Au fil de la conversation, Alexandra a montré les dessins qu'elle faisait. De l'étrange au très créatif. Je me demandais comment on pouvait concevoir de tels dessins ; j'étais curieux de ce qui se passait dans sa tête.
Il y avait toujours des chansons en français dans le lobby de l'auberge. Andrea a apporté la télécommande en proposant 「On va aussi demander une chanson suédoise」. Les autres se demandaient « C'est quoi cette chanson ? », mais nous étions les seuls tout excités.
Quand la musique a commencé, Andrea s'est levée soudainement et a commencé à danser, sans se soucier des regards, juste en suivant le rythme. Une innocence et une pureté improbables pour une personne de 25 ans.
Moi, je danse seul dans ma chambre la nuit avec des écouteurs. Elle, elle dansait fièrement dans le hall en plein jour. Cela m'éblouissait.
On a aussi parlé d'ABBA. Andrea est quart d'origines suédoises : sa grand-mère est suédoise et écoute souvent ABBA. Quand j'ai dit que la scène Dancing Queen dans Mamma Mia m'avait donné envie de danser, elle a répondu « Je comprends tellement ! J'adore aussi ! »

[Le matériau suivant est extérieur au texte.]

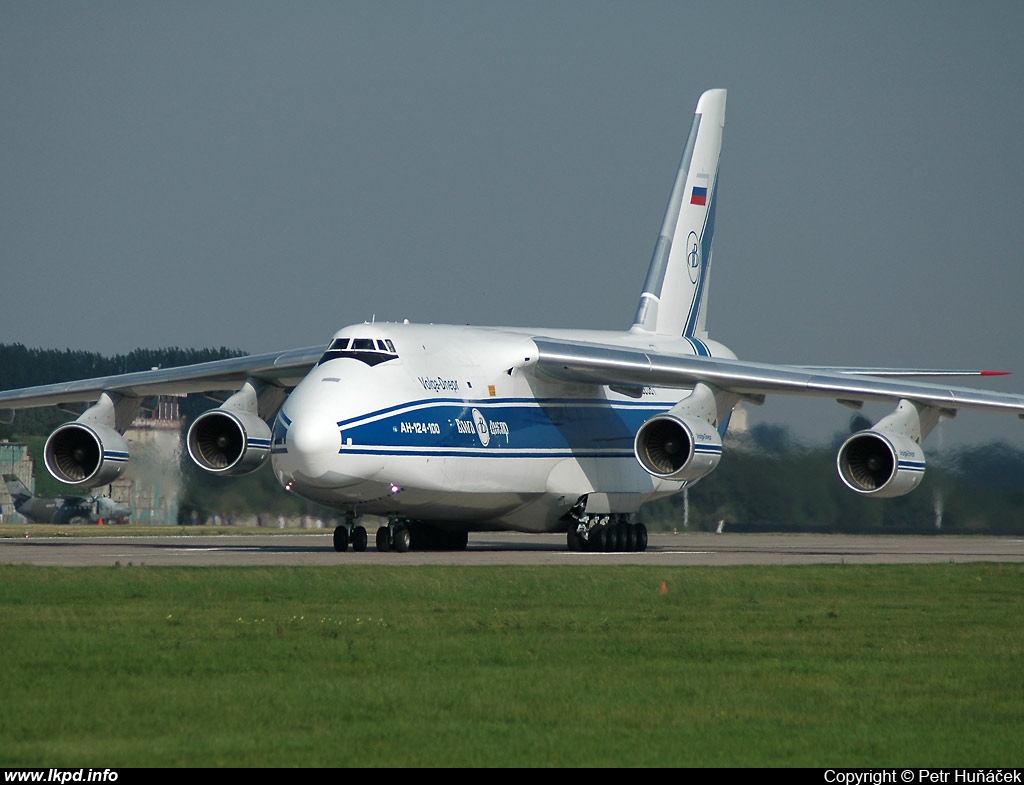 Volga-Dnepr Airlines – Antonov AN-124-100 RA-82081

J'étais vraiment heureux qu'il y ait des personnes avec qui je pouvais communiquer ainsi.
La lettre en japonais laissée dans le carnet
Alexandra a sorti le carnet et m'a demandé d'écrire un message. J'ai choisi d'écrire en japonais.
C'est justement parce que je l'ai écrit en japonais que j'ai pu exprimer purement ce que je ressentais. J'ai rempli une page jusqu'à la dernière ligne.

Enfin, j'ai écrit la date et ma signature et leur ai donné la page. Elles ont dit 「Si tu le traduis avec Google Traduction, tu pourras le lire !」 en riant.
Au revoir, Canggu
Même quand l'heure du taxi est arrivée, nos conversations n'en finissaient pas.

Andrea m'a dit 「Si tu viens en Norvège, viens chez moi」.
On s'est fait un dernier câlin puis on s'est dit au revoir. J'ai pris mon sac à dos de 11 kilos et suis parti pour Kuta.